Several resources have recently been published that highlight these issues and provide assistance to companies and human resource professionals to avoid ending up in the NLRB’s cross hairs when it comes to social media and the NLRA.

First, the NLRB’s Acting General Counsel recently released a report detailing its investigation into cases involving employer’s social media policies and employee’s use of social media. The NLRB Social Media Report (PDF) is a must read for employers.  

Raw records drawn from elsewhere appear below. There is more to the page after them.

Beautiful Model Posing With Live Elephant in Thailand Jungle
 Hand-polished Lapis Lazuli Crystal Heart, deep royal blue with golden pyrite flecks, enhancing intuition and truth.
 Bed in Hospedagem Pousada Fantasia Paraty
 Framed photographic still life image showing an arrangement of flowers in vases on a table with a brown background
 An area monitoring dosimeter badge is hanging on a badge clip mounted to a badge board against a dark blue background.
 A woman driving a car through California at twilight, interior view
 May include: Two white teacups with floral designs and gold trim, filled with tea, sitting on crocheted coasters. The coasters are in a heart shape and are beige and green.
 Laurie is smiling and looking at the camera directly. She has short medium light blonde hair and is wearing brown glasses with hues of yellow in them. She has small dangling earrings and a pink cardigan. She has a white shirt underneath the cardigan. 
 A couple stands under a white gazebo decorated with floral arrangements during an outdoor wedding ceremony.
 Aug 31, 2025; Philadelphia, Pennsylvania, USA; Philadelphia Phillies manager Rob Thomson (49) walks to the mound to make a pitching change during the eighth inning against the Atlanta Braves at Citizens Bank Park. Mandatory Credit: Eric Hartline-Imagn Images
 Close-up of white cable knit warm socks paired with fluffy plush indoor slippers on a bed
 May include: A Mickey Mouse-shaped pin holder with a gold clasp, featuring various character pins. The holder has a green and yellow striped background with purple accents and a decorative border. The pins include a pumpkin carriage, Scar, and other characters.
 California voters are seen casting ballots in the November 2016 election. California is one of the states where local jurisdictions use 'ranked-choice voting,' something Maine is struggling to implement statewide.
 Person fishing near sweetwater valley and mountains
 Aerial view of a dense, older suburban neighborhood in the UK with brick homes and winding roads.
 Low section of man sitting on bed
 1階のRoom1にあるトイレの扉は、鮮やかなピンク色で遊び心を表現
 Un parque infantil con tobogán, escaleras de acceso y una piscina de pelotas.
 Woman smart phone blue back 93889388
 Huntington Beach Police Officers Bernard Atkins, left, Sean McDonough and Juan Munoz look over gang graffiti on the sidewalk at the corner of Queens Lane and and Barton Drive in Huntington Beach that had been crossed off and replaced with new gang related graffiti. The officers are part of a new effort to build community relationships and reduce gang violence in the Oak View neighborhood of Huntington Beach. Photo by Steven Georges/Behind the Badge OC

Second, the U.S. Chamber of Commerce released a well-written, comprehensive Report: A Survey of Social Media Issues Before the NLRB (PDF). This should also be a must-read report for human resource professionals and employers. 

The Take-away

The prudent course of action if an employer is considering disciplining or firing an employee for a Facebook posting or other conduct relating to social media is to examine the issue of protected concerted activity under the National Labor Relations, preferably with their labor and employment counsel to avoid ending up as the next NLRB press release. 

The NLRB's Employer Posting Requirements - Hype, Harmful, or Heh?

 

I believe in the dignity of labor, whether with head or hand; that the world owes no man a living but that it owes every man an opportunity to make a living.

John D. Rockefeller

Adding to Mr. Rockefeller's belief, the National Labor Relations Board (NLRB) wants employers to remind their employees that while making a living they also have rights under the National Labor Relations Act (NLRA).  

Specifically, the NLRB recently announced a new rule that requires employers to post a workplace notice advising employees of their rights under the NLRA, which include rights to unionize, collectively bargain, and strike. The new rule applies to all private-sector employers (including labor unions) subject to the National Labor Relations Act and takes effect on November 14, 2011.Here is a link to the NLRB's Q&A regarding the new posting rule.

Soapbox.jpgRhetoric & Reality - A Few Observations 

Not surprisingly, the NLRB's posting rule has generated heated rhetoric from the business community (See National Labor Relations Board is out of Control and NLRB Rule Requiring Posters In Workplace Infuriates Business Groups. It also comes at a time when labor organizations are increasingly critical of President Obama (See Labor's Criticism Of Obama Grows Louder).

Setting aside, however, the competing views on both sides of the union divide, there are two important facts to put this rule in perspective:

First, the rule is enacted at a time when the percentage of private-sector workers belonging to a union is down to 6.9% from the peak of 35% in May 1954. Without adapting to a workplace that has significantly changed since 1954 or otherwise offering employees a compelling reason to organize, it is nothing short of delusional to think that the NLRB's posting requirement will reverse this trend.

Second, James Carville (he is credited with being a cornerstone of President Bill Clinton's successful Presidential Campaign) famously noted that “If You Say Three Things, You Don’t Say Anything.”

With this in mind, the posting required by the NLRB - an 11 by 17 inch poster - advising employees of their rights under the NLRA will likely blend into the sea of verbiage of other posting requirements already found in most workplaces.

For example, the U.S. Department of Labor identifies 11 different employment related laws that must be posted in various workplaces. See U.S. Department of Labor Workplace Poster Requirements. Additionally, employers are required to post notices from the EEOC describing federal laws prohibiting job discrimination based on race, color, sex, national origin, religion, age, equal pay, disability and genetic information. This is in addition to state required posters, such as MIOSHA. 

Conclusion

Employers shouldn't like the NLRB's new posting rule. But I would be much more concerned about the impact of the NLRB's proposed revisions to the union election process than the posting requirement. This is because the revision to the election process essentially threatens to impair an employers’ ability to mount a successful campaign to educate workers about the realities of union representation or counter inaccurate or misleading union claims. But that is just me and I'm getting off my soapbox for a long Labor Day Weekend.